Fritzi Baumgart era come il vecchio Huey: come quest'ultimo era sempre stato solo, vecchio e pazzo, lei era sempre stata una prostituta. Non era poi molto matura – di certo non superava i trentacinque anni –, ma aveva cominciato a esercitare quella professione da giovanissima. Quando io, Helene, Adalicia e tutte le altre ragazze della nostra età eravamo bambine, Fritzi già riceveva gli uomini di Dornennest in casa sua. A differenza del vecchio Huey, però, tutti conoscevano la sua storia: fino a diciassette anni Fritzi era stata la figlia del bottaio di Dornennest, e nonostante sua madre fosse morta di parto insieme al suo fratellino minore, il denaro e la buona reputazione del padre le avevano procurato un'infanzia e una giovinezza abbastanza felice e agiata, e non le mancava altro se non un buon partito come consorte. Poi però una notte la bottega e la casa di mastro Baumgart erano state distrutte da un incendio – ancora oggi correva voce che non si fosse trattato di un ciocco di legno sfuggito dal camino, ma di una vendetta architettata da Edmund Jäger, corteggiatore respinto da Fritzi. Il bottaio e sua figlia si erano salvati, ma avevano perso tutto; mastro Baumgart era noto per essere un uomo orgoglioso: Padre Abel cercò di aiutare lui e Fritzi con della minestra calda la sera e le elemosina che raccoglieva in chiesa la domenica, ma quegli atti di carità erano come delle ferite di pugnale nella carne del bottaio.
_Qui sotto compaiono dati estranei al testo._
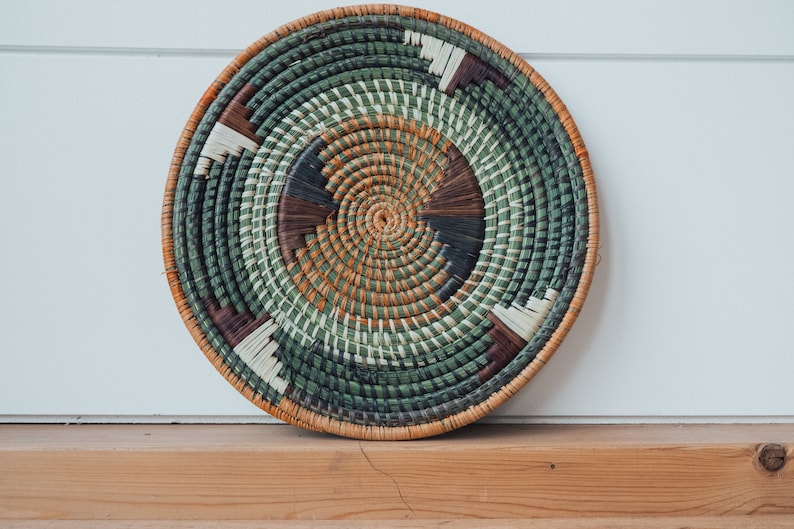 May include: A round woven wall hanging with a green, brown, and white pattern. The hanging is made of natural materials and has a circular shape.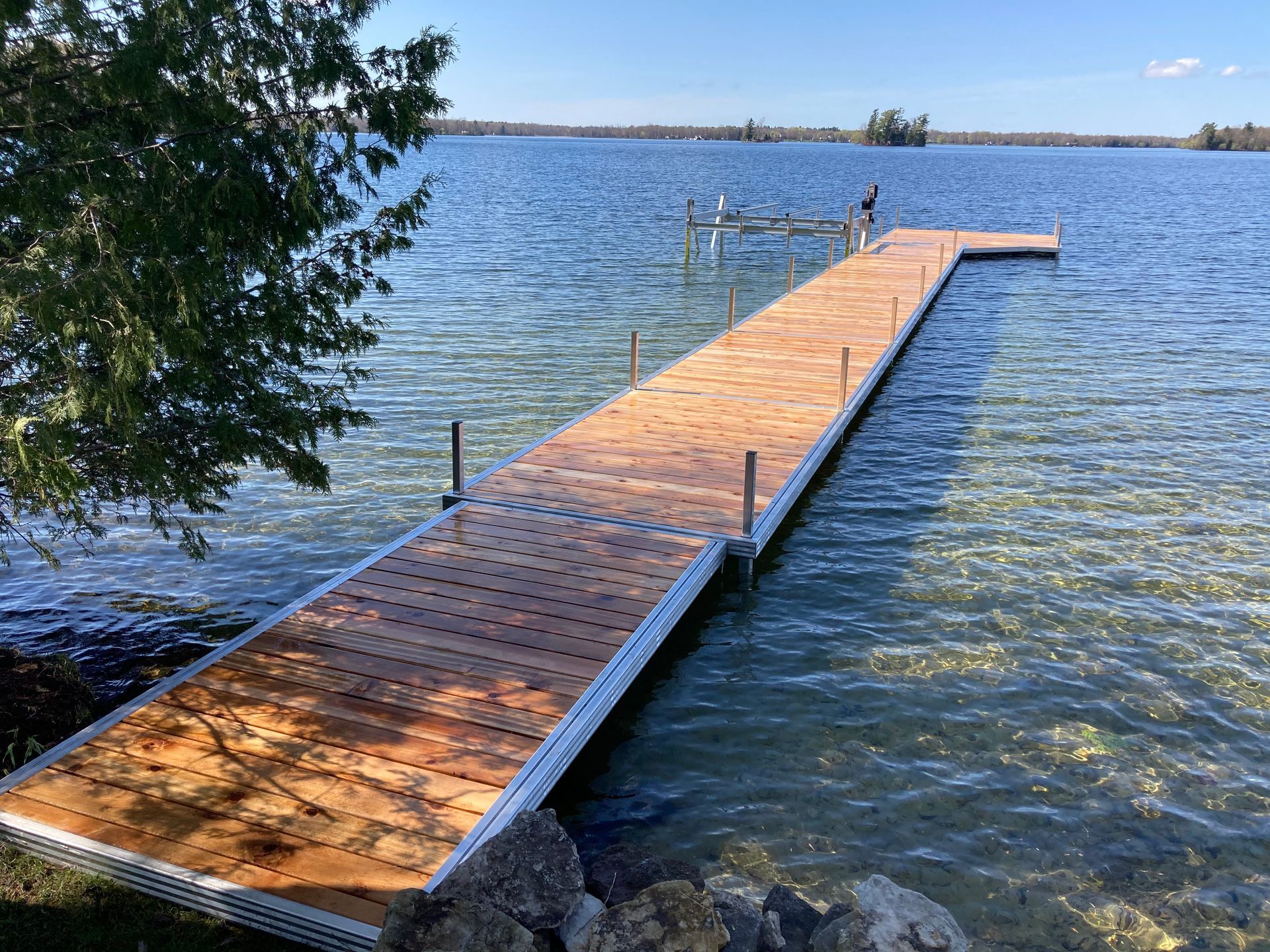 A wooden dock is sitting in the middle of a lake.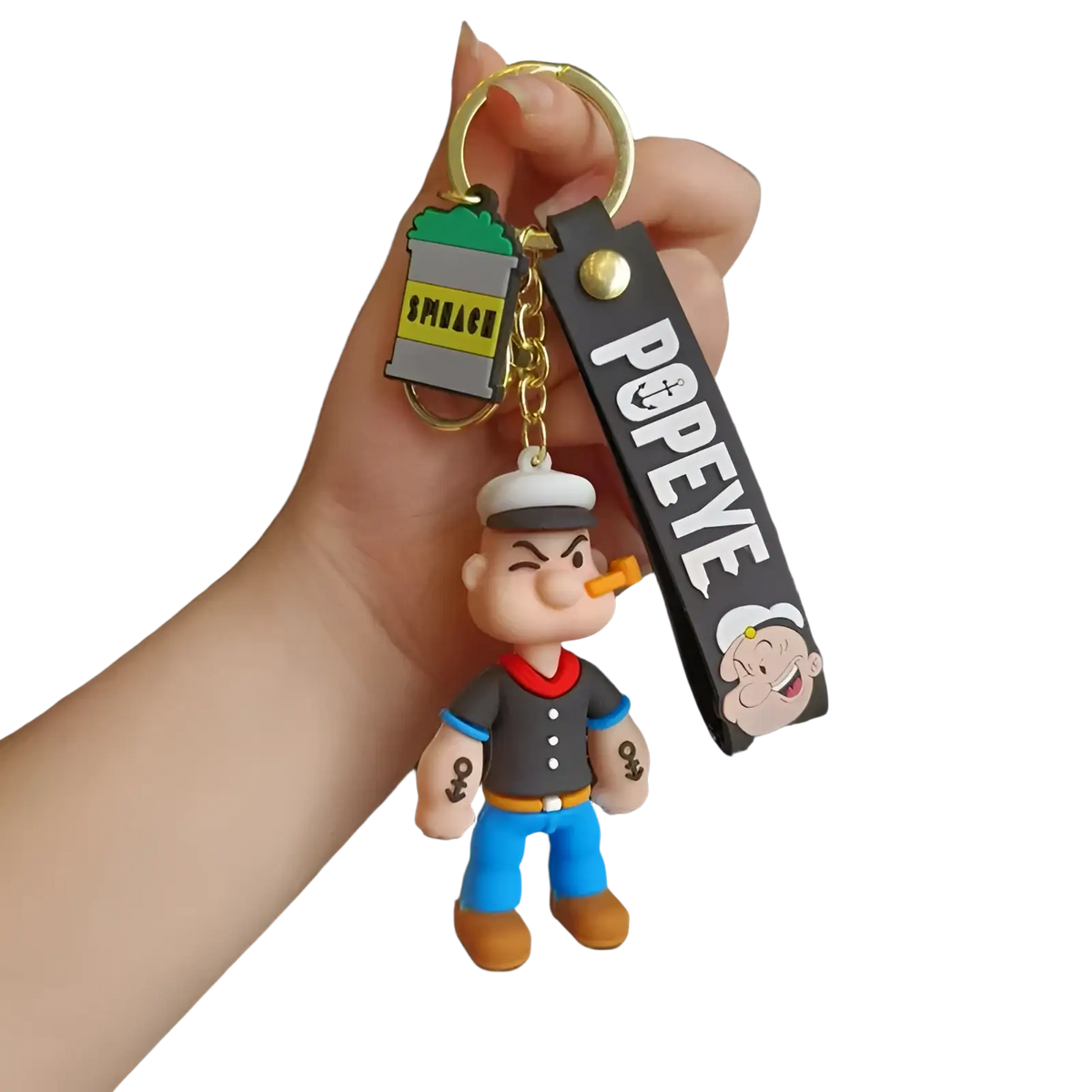Popeye silicone keychain featuring molded plastic figure, gold-toned metal ring and black strap with white lettering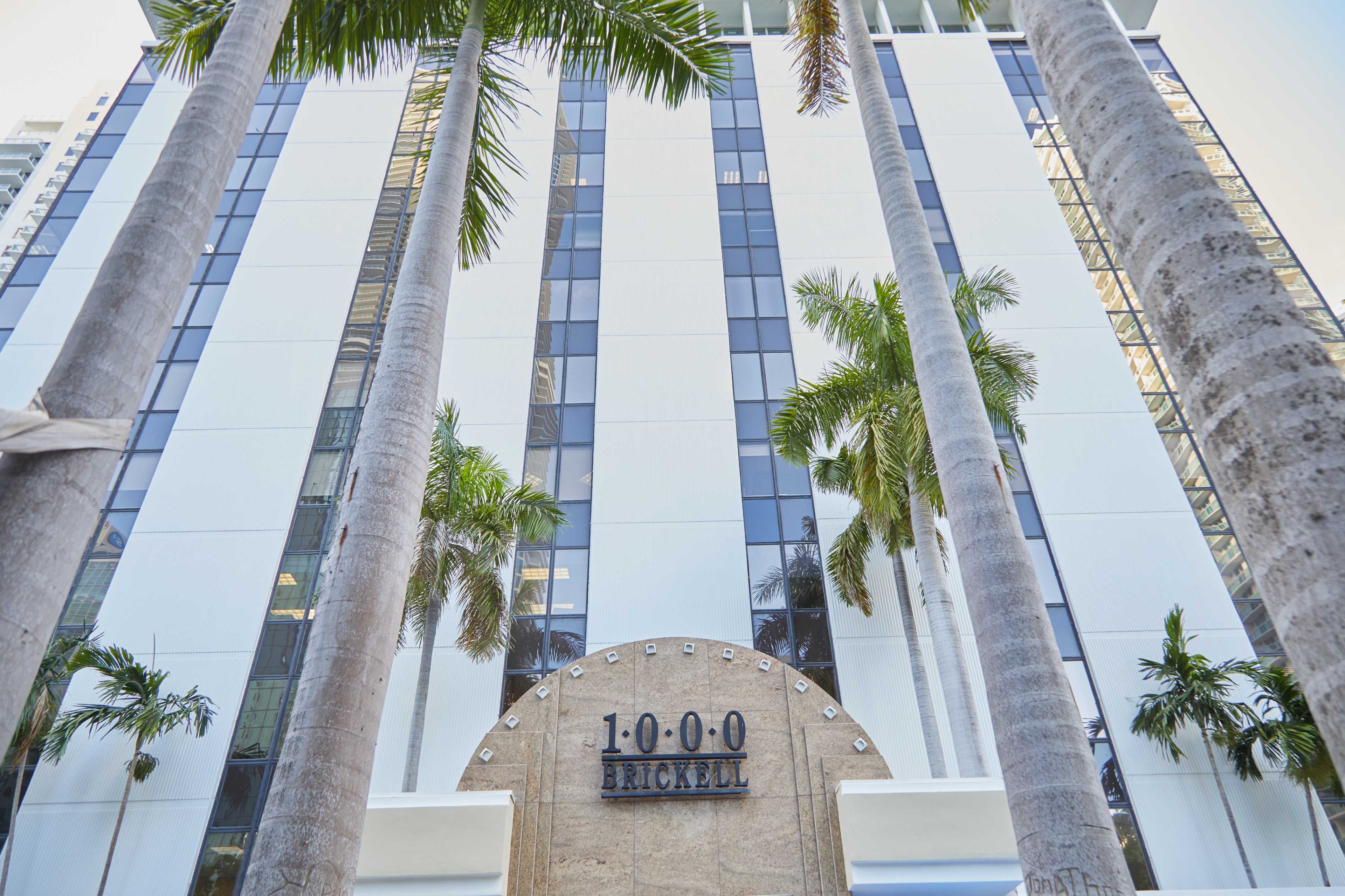The image shows a modern building titled "1000 Brickell" with tall palm trees in the foreground.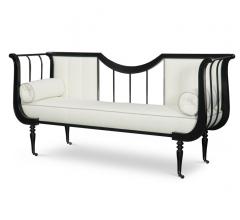 Lyre Bench with a black frame, white fabric and wheels on all four legs from Fine Furniture Design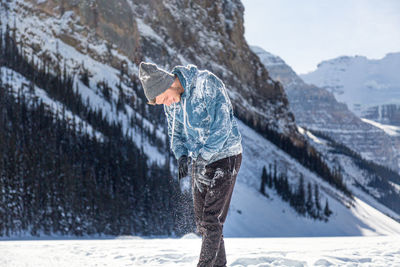 Side view of person standing on snow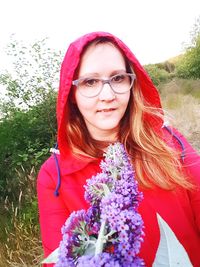 Portrait of smiling woman standing by pink flowering plants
Così, una mattina, lo trovarono impiccato a un ramo della quercia secolare che dava accesso alla Foresta.
Da quel giorno, Padre Abel non aveva più potuto – o voluto – accogliere sotto la sua ala protettiva la figlia di un suicida, né nessun giovane del villaggio, nemmeno Edmund Jäger, aveva voluto sposare Fritzi per il medesimo motivo, né darle una casa o un lavoro. Così, era diventata una prostituta.
Era l'unica donna di Dornennest a fare quel mestiere. Non sapevo se ne fosse contenta o no, ma se non lo era, di certo non lo dava a vedere. Fritzi non era bella quanto Helene, ma era affascinante. La nonna, fra i tanti libri che possedeva, ne aveva anche uno in cui venivano raccontati i miti e le leggende dell'antica Grecia: da bambina avevo imparato a leggere proprio su quel volume, ma oltre alle parole stampate che si rincorrevano una dietro l'altra, ad affascinarmi erano le immagini. Acquerelli che ritraevano statue raffiguranti dei ed eroi dipingevano sulle pagine ingiallite storie di ninfe trasformatesi in alberi per sfuggire alla lussuria di un dio, di giovani divinità rapite dalla propria madre in nome dell'amore di un signore dei morti, di ragazze punite per la loro bellezza e magicamente salvate da un misterioso principe che si coricava accanto a loro nel buio della notte. Fritzi non aveva né un profilo greco né le forme procaci e morbide delle giovani dee raffigurate nelle immagini, ma a me aveva sempre ricordato Psiche o Persefone, o la fatale Elena di Troia, anche se non saprei dire un motivo preciso.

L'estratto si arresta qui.